Title - 'Living in the Material World (CD+DVD) [LMTD ED)'
Artist - George Harrison
First the important question: Does this remastered reissue of George Harrison's "Living In The Material World" (originally released in 1973) improve on the previous version released nearly a decade ago? Yes. The sound is fuller with slightly better detail. It is remastered a bit louder as well but the most important improvement is the inclusion of the B-sides "Deep Blue" and "Miss O'Dell" The former song was the B-side to "Bangela Desh" written about George's loss of his father and the latter is a lark with a Dylanesque quality to the music. The lyrics go from serious to humourous with George cracking up during the chorus.
As to the DVD well it's nice to have the two bonus tracks (with "Give Me Love" in 5.1) as well as the video footage. I suspect that many fans will not watch the videos more than once (although the live footage was nice). I'd like to see the full live show for "Live in Japan" get a DVD release separate from the re-releases/remasters of his back catalog. I don't feel that the CD/DVD set is essential but fans who pay for it will enjoy the second disc. I was just hoping for more live footage/outtakes/demos or even the other mix of the album.
I'm a bit disappointed that George's rehearsal for "It Don't Come Easy" with George on lead vocals (he co-wrote the song with Ringo even though he wasn't credited as such until recently)isn't included as he provides a spirited version of the song (this has also been available on bootlegs for years. My suspicion is that if it is eventually released it will find its way onto "Dark Horse" although it really belongs here). It's also a pity that the single version of "Bangela Desh" wasn't included as well.

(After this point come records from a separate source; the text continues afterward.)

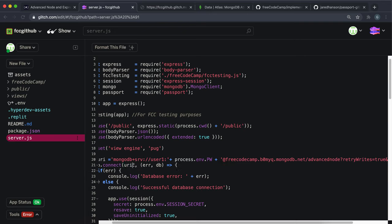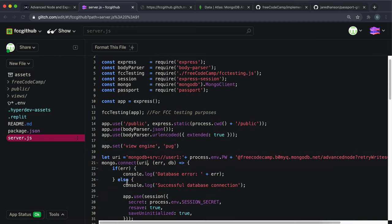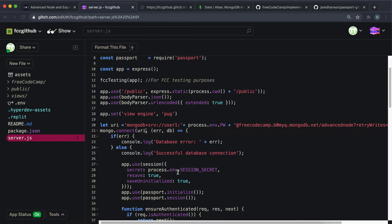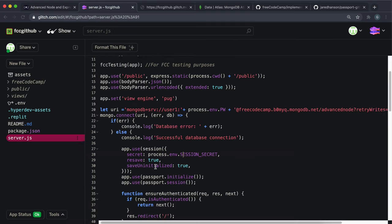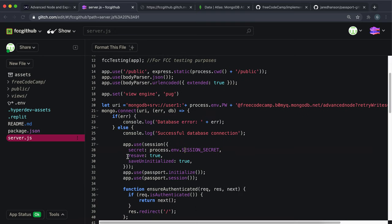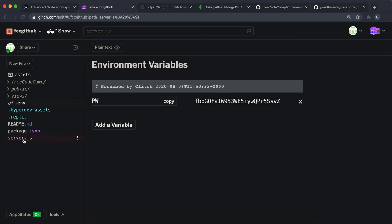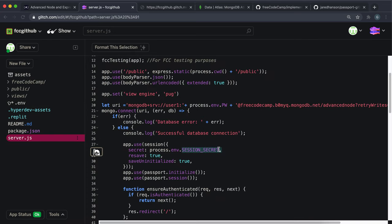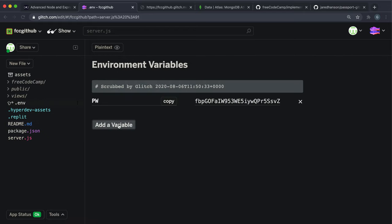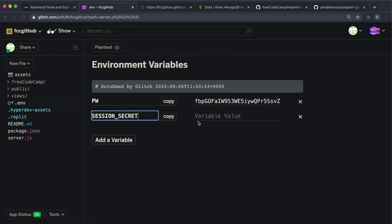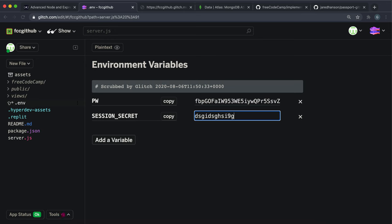When you call the connect method on the Mongo client, make sure you use this URI. That's the database connection sorted. The next thing is to set up a session secret environment variable for Express session — remember all session cookies are hashed with this secret. I'm just going to set up a random string here; it doesn't really matter for this project, though obviously in real life you'd use something more secure.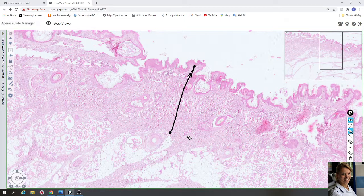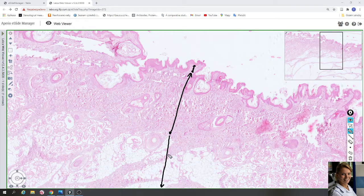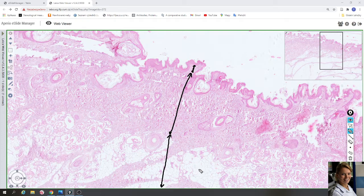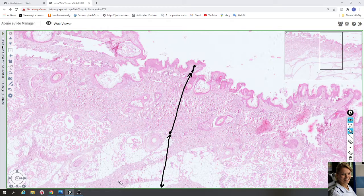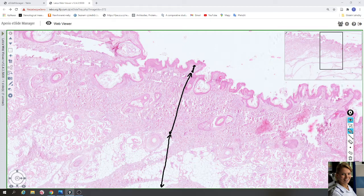Hypodermis is located external to the reticular dermis. It consists of adipose tissue — these are the white places — and strips of dense connective tissue with large blood vessels and nerves.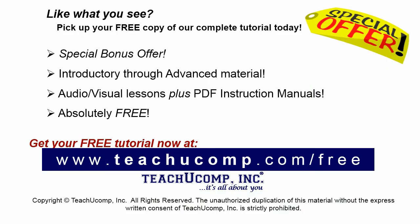Like what you see? Pick up your free copy of the complete tutorial at www.teachucomp.com forward slash free.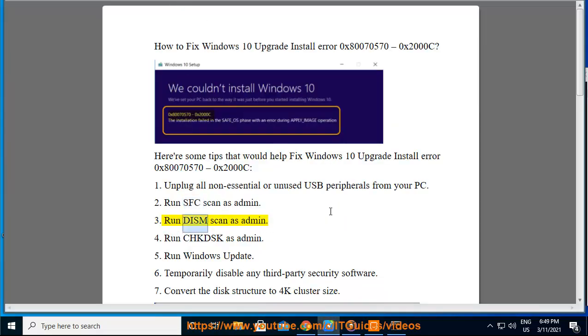3. Run DISM Scan as Admin. 4. Run CHKDSK as Administrator.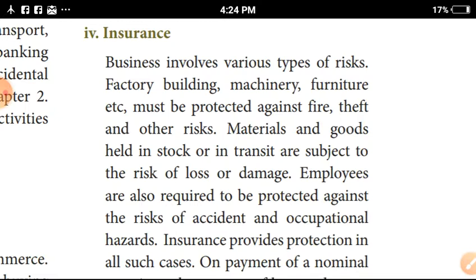Business must be protected against fire, theft and other risks.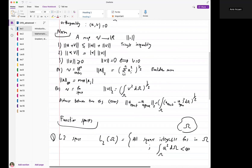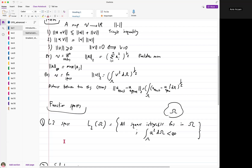Now let's define function spaces we'll need. The first is the L2 function space, denoted L2(Ω), where Ω is the domain of interest. L2(Ω) is the space of all square-integrable functions: if you raise the function to the power 2 and integrate over Ω, the integral is bounded and not infinite. We like these properties because they allow us to do the mathematics and calculus needed in finite element theory.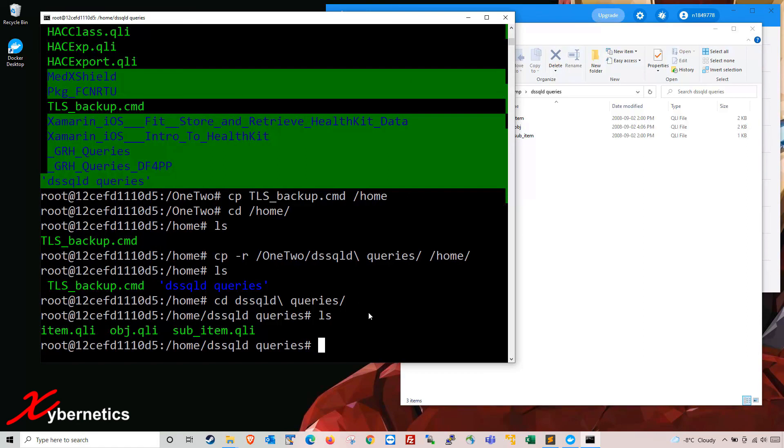Those are the few commands I wanted to demonstrate today — they are very handy. I hope you liked the tutorial. If you did, please like and subscribe. Have a good day, bye!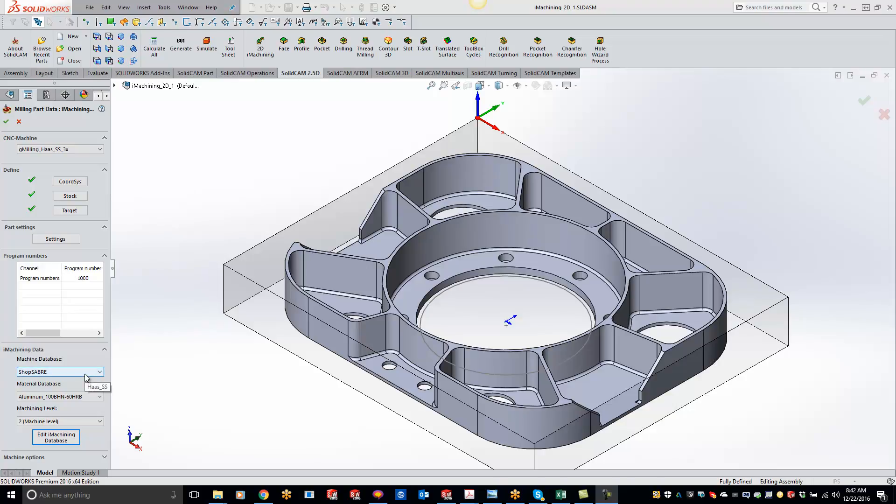So with your default install, you'll just have a few in here, but obviously you're going to need to add your own machine in there. Easy enough.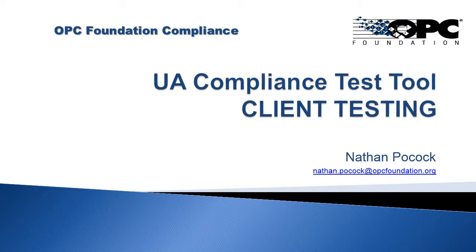Hello, in this video we're going to take a look at the CTT for client testing.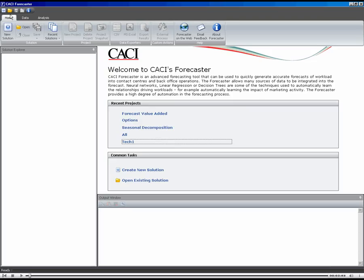Hi there. In this demo, I want to show you one of the features within CACI Forecaster known as snapshots. Snapshots are useful when you're building models and comparing the performance of different models.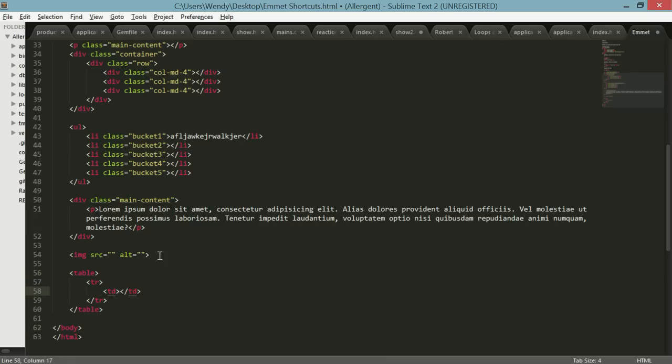So that was a quick overview of Emmet. There's a lot of fun stuff that you can do. You want to go to the cheat sheet and just kind of try things out. Emmet.io docs. So I'll put that in the link and go try out Emmet.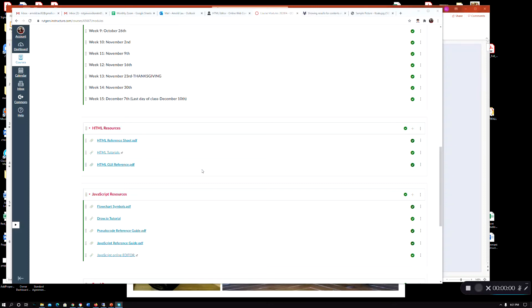Hi, welcome back to CS170. We're here to continue on with the Week 3 material. Before I do that, I just want to go through a couple of things.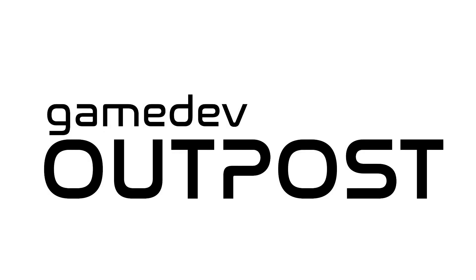Hello and welcome to the Game Dev Outpost. My name is Travis Kaler and this is a quick tip in Maya. Today we're going to be talking about custom pivots.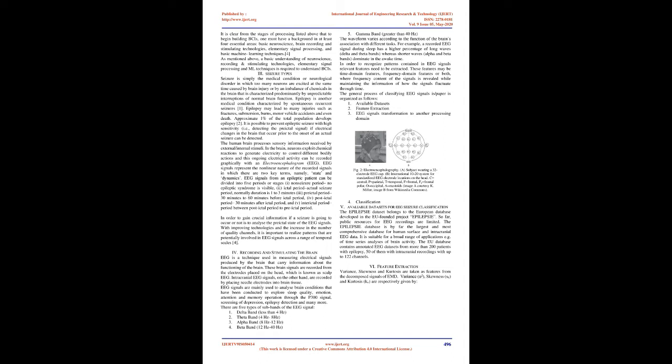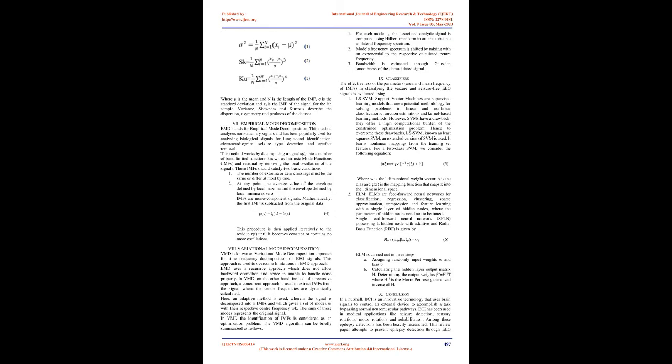Recording and Stimulating the Brain: EEG is a technique used in measuring electrical signals produced by the brain. Brain signals are recorded from electrodes placed on the head, known as scalp EEG. Intracranial EEG signals are recorded by placing needle electrodes into brain tissue. EEG signals are used to analyze brain conditions like sleep quality, emotion, attention, memory operation through P300 signal, screening of depression, and epilepsy detection. There are 5 types of subbands: Delta Band, Theta Band, Alpha Band, Beta Band, and Gamma Band.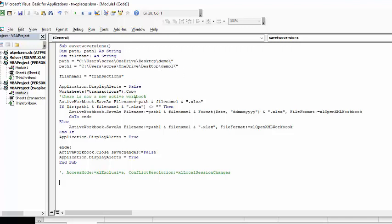So the file name is going to be transactions. And so what I do, first of all, is I say application display alerts equals false. Now, there's a bunch of things on this workbook normally, but I only want to have a copy of the transaction. So I say worksheets transaction copy.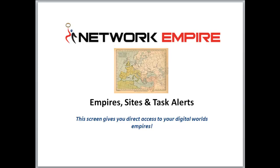Welcome back guys. This is the home screen where we're going to discuss empires, sites and task alerts. On this home screen, this gives you direct access to all your digital empires.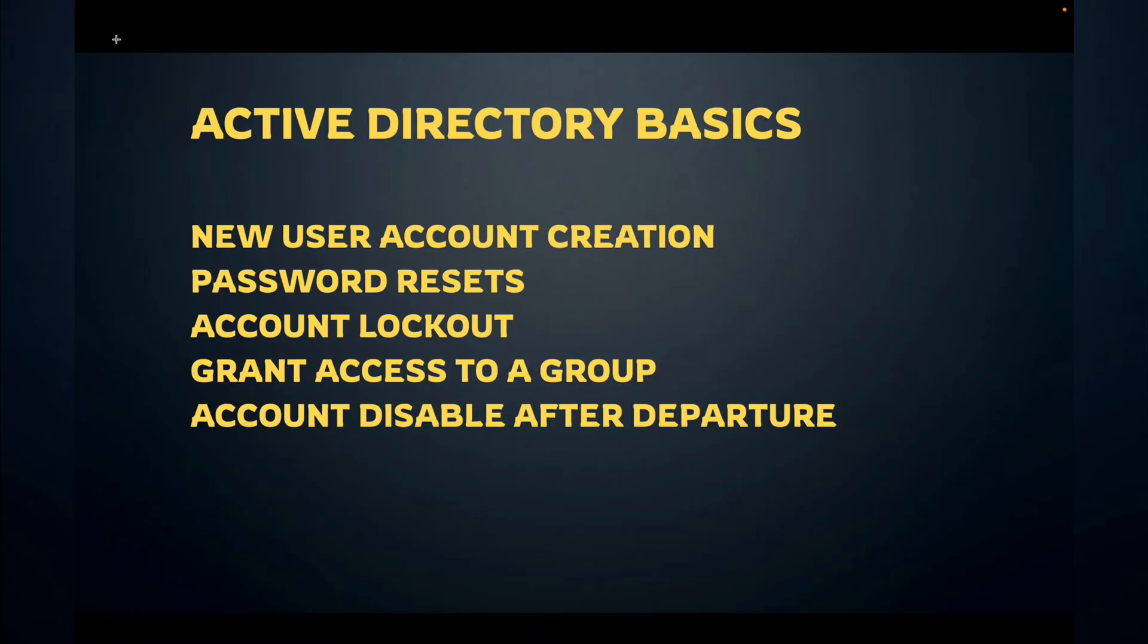Hey guys, so let me tell you what exactly you need to know in Active Directory. And this is probably for the first six months or maybe a year of your help desk career, this is all you'll be doing.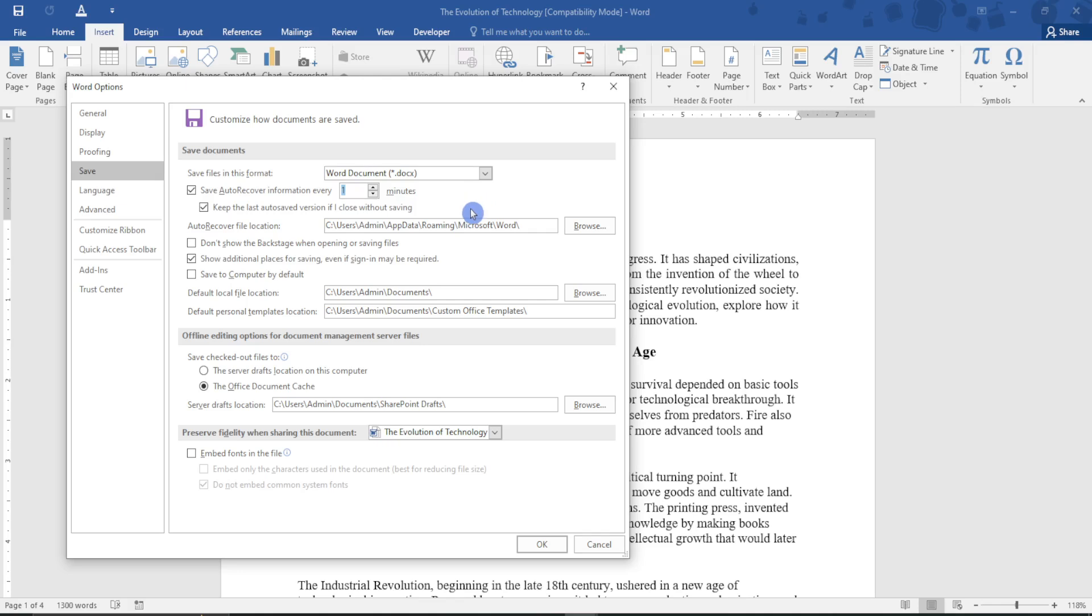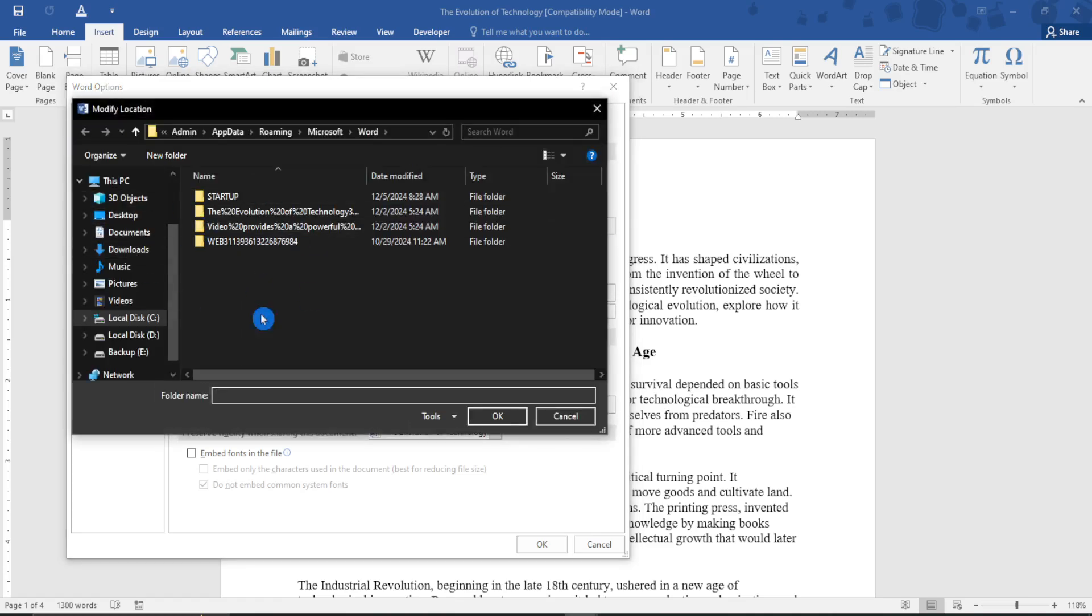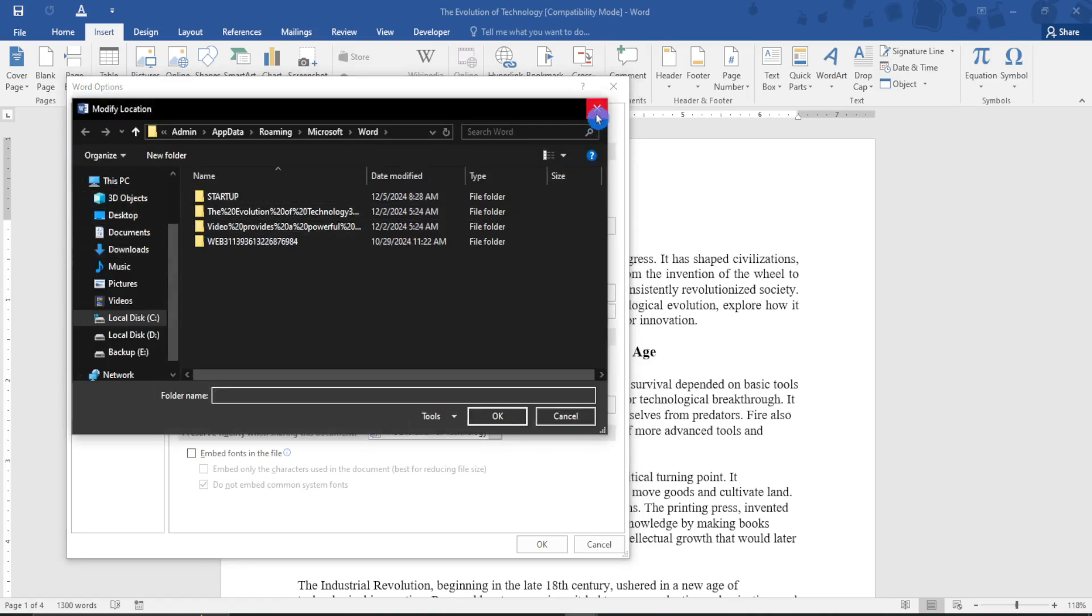...your document will be automatically saved by Microsoft Word. After doing that, proceed to select the location for your document and select the particular location that you want.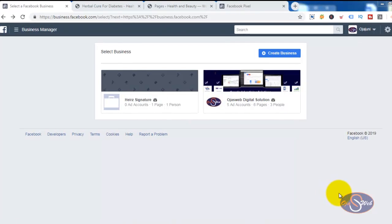What's up guys, this is Julius again from Ojas Web Digital Solution. In this video I want to show you how to track Facebook events on your sales page. A lot of people use sales pages to sell their products or services, and I want to show you how to track some actions happening on your sales page — for instance, if you have a sales page that encourages people to click a button to chat with you on WhatsApp or Facebook, or to visit another page, you might want to track the number of people that actually interact with that button.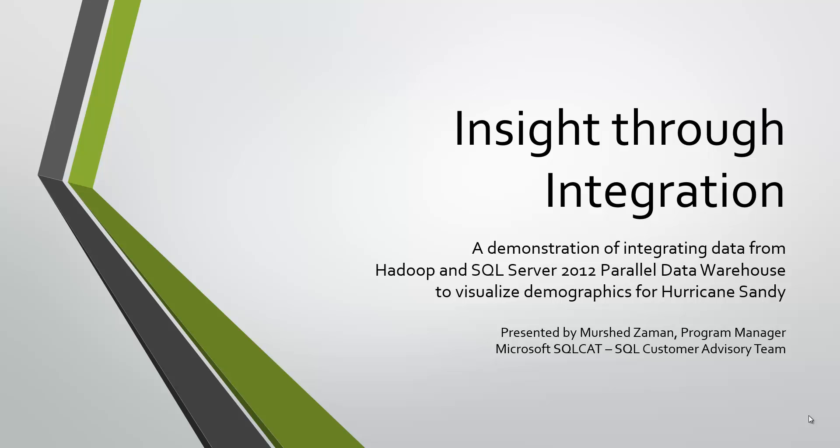Hi, my name is Murshad Zaman. I'm a Microsoft Program Manager in SQLCAT, or the SQL Customer Advisory Team.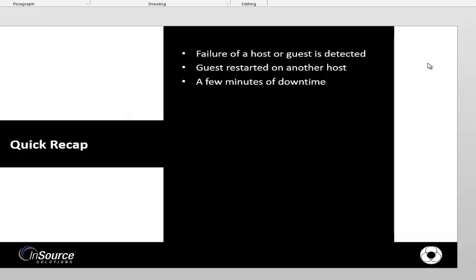So this only caused a few minutes of downtime. So if your process can tolerate a few minutes of downtime, HA is a great tool to help you with your high availability needs. Thanks for your time.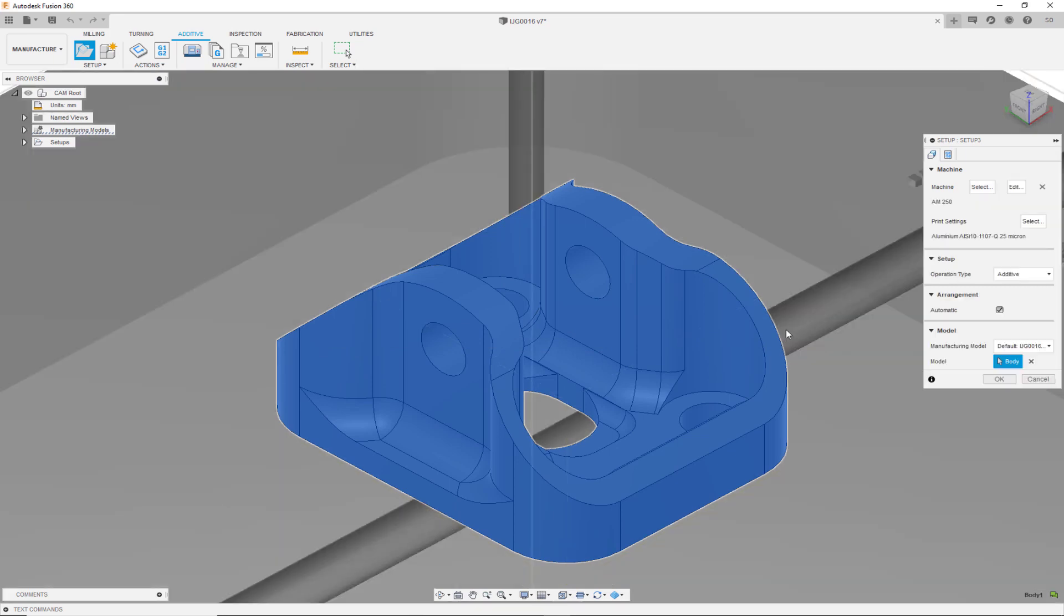In this video, we talked about how to select a machine using Fusion 360's Additive Build extension.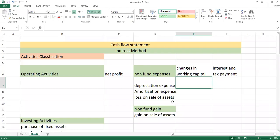In this lecture, we will cover a cash flow statement. The basic purpose of making a cash flow statement is that when you make an income statement, you get to know how much the profit is. But it doesn't tell you from which sources the company has received cash and where the company has utilized cash.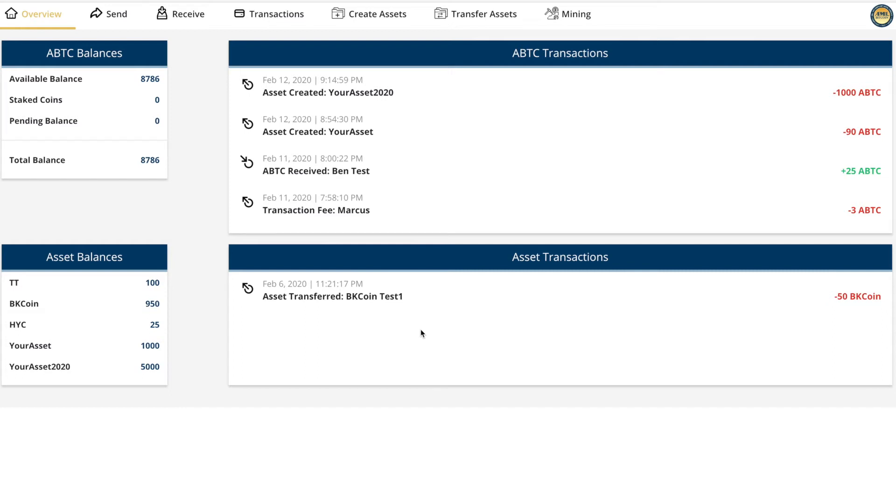Hello and welcome to the first tutorial of the AML Bitcoin Wallet 2020. Today we will present how to create your very own compliant digital asset, because we actually built a digital compliant currency creation engine which is a world's first.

The 40 page deluxe booklet included has some nice rare photos from the inside cover shoot which feature George along with musicians that appeared on the album. We also get a brief essay discussing the recording of the album and the secular world's reaction to one that focuses so much on spiritual issues. Although it isn't George's finest album ("All Things Must Pass", "Cloud 9" and "Brain Washed" are my favorites ahead of this one)it has two songs that rank high up there in the Beatles/Harrison canon; "Give Me Love" and the bluesy "Sue Me, Sue You Blues" a witty take on The Beatles legal square dance.